Aku sesudah itu perlahan jadi menaik -turunkan tubuhku. Ketika turun, kuusahakan kuputar pinggulku. agar Rian bisa merasakan enaknya goyanganku. Rianpun jadi ngilu tiap tiap ku turunkan tubuhku. Ketika ku naikkan tubuhku, Rian menaikan terhitung pinggulnya, seakan tak senang penisnya terlihat berasal dari vaginaku meskipun hanya sedetik. Sementara ketika tubuhku menekan tubuhnya, ia terhitung menopang menekan pinggulku bersama tangannya.
“Dulu anda bisanya sekedar maju mundur, sekarang goyang teratur!” goda Rian.
“Goyang kaya gini ya?” Godaku sambil menggoyang pinggul patah-patah seperti sedang memindahkan persneling mobil.
“Arghhhh sedap banget yang sumpah,” ujar Rian. Akupun senang bersama gerakan itu karena sesungguhnya itu sebabkan ku jadi makin mentok di tiap tiap sisi.
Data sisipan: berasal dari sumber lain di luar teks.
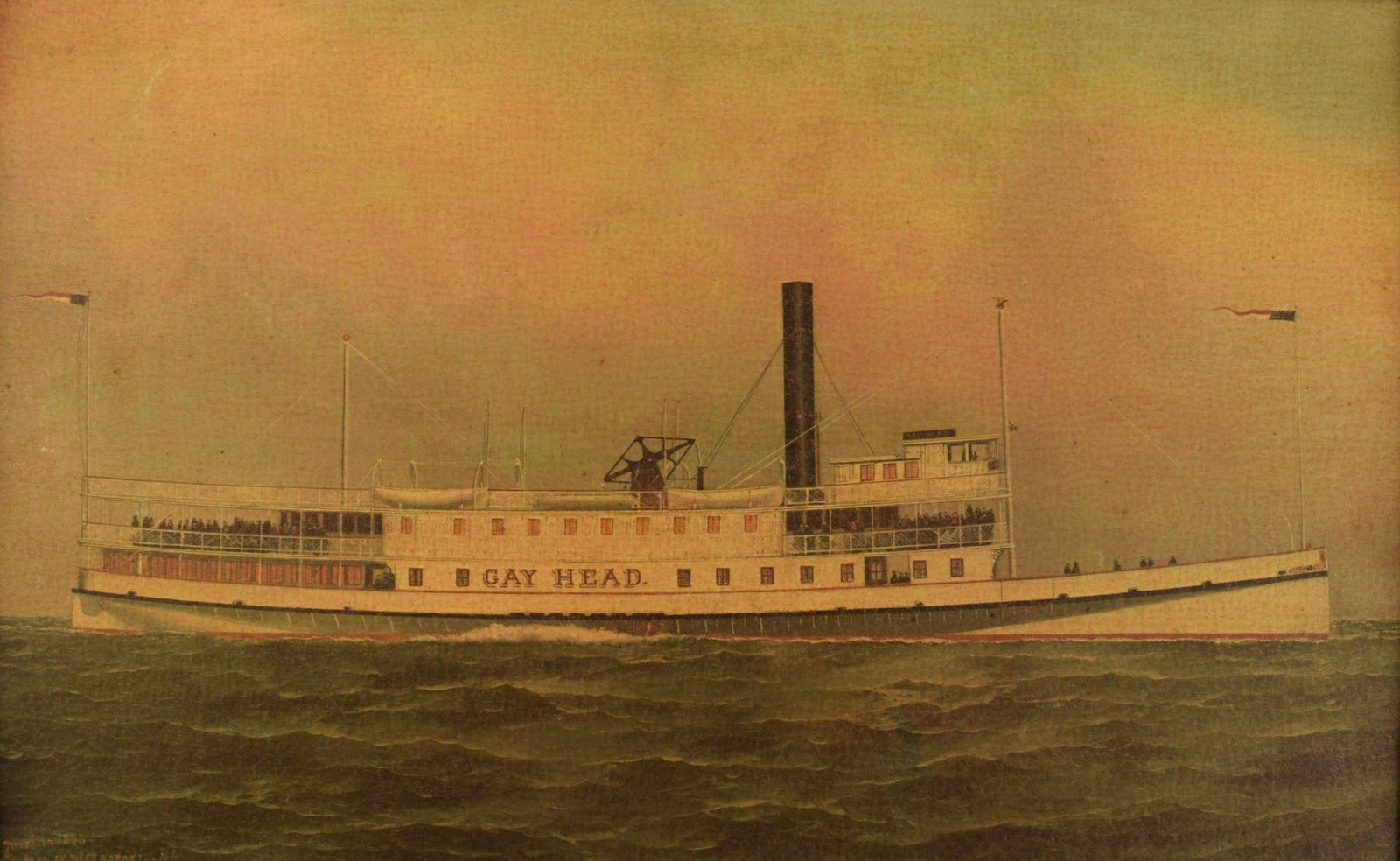 Antonio Jacobsen (1850-1921), Danish-born American naval painter. Facsimile on canvas. Ship portrait: Antonio Jacobsen (1850-1921), Danish-born American naval painter. Facsimile on canvas. Ship portrait of the steamship Gay Head. Early 20th century. Looks like a real oil painting, fine crackles and va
Namun jujur saya tak bisa lama-lama memainkan goyangan itu karena pegalnya bukan main. Aku sesudah itu menaik turunkan tubuhku. Perlahan selanjutnya ke kencang. Kami jadi kelelahan, nafas kita tak teratur. Keringat terhitung telah jadi banjir. Suara pok-pok pok terhitung beradu bersama erangan ku yang telah terlihat sejak tadi. Rian terhitung telah menaik turunkan pinggulnya terhitung agar benturan kita berdua makin keras dan berasa.
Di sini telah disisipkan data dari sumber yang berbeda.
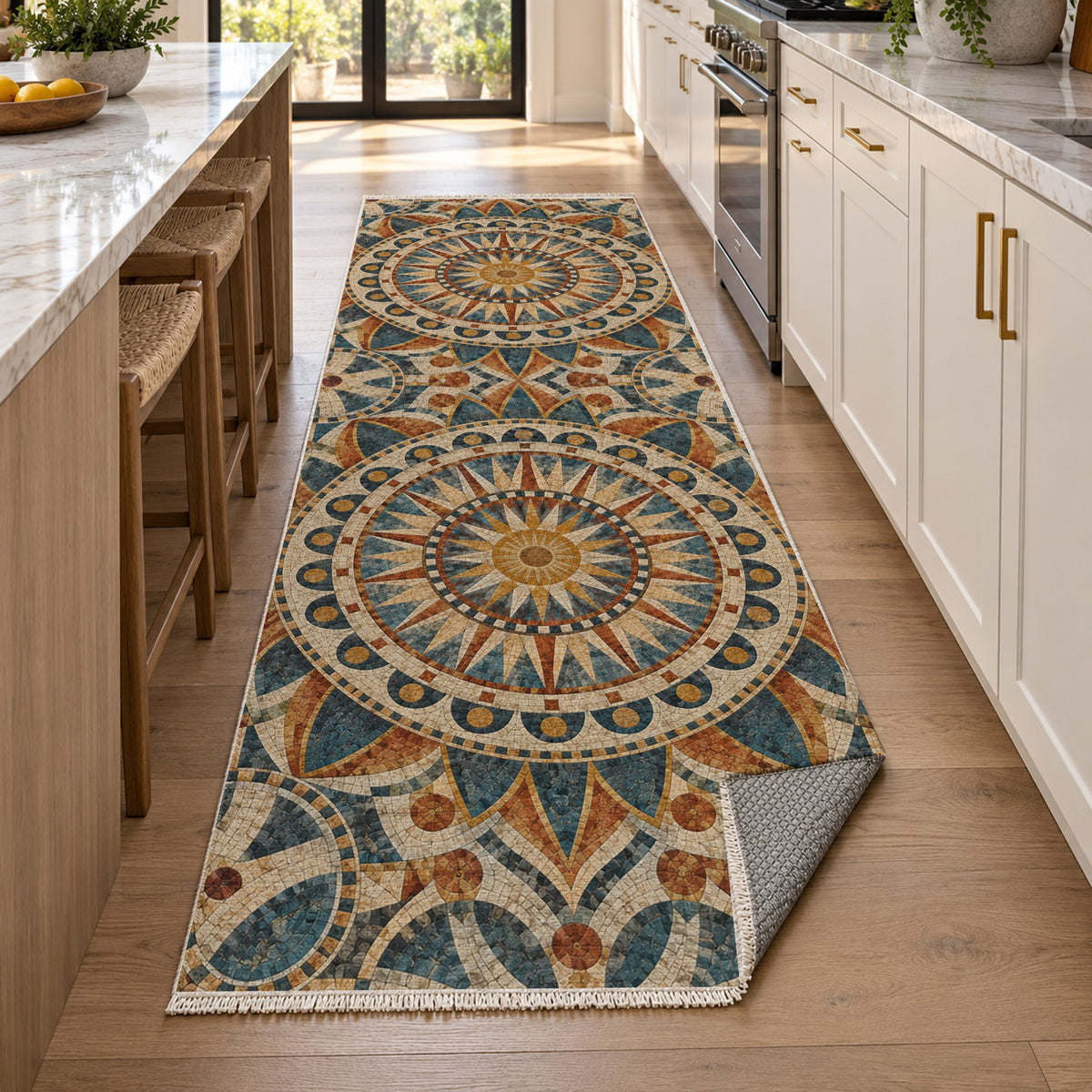 Sun Wheel Geometric Washable Rug — new york kitchen runner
Kita dapat terlihat sebentar lagi, batinku.
“Aku sebentar lagi” ujar Rian.
“Bareng” jawabku singkat tetap fokus untuk menaik turunkan tubuhku di atas rian. Gerakan makin cepat, suara kita terhitung telah kalah bersama bunyi pok pok pok di pangkal paha kami. Aku telah jadi tersedia yang terlihat sebentar lagi. Penis Rian terhitung telah jadi jadi berdenyut. Menandakan sesuatu dapat terlihat sebentar lagi.
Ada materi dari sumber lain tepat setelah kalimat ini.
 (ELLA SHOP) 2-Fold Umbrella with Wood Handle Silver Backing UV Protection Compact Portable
“Argghhhh” saya menyerah dahulu. Gerakanku berhenti. Rian tetap menggenjotku berasal dari bawah. jadi banyak cairan terlihat berasal dari vaginaku. ngilu bersama hantaman penis Rian.
“Aku ke…luar” teriak Rian yang sesudah itu tubuhnya mejadi kaku. Ku rasakan telah tak tersedia lagi hantaman. Yang tersedia hanya siraman deras. itu menaikkan indah orgasmeku yang panjang. Tubuhku ambruk ke dada Rian.
“Inget ini,” pesanku lirh sambil terbata-bata karen ngos-ngosan.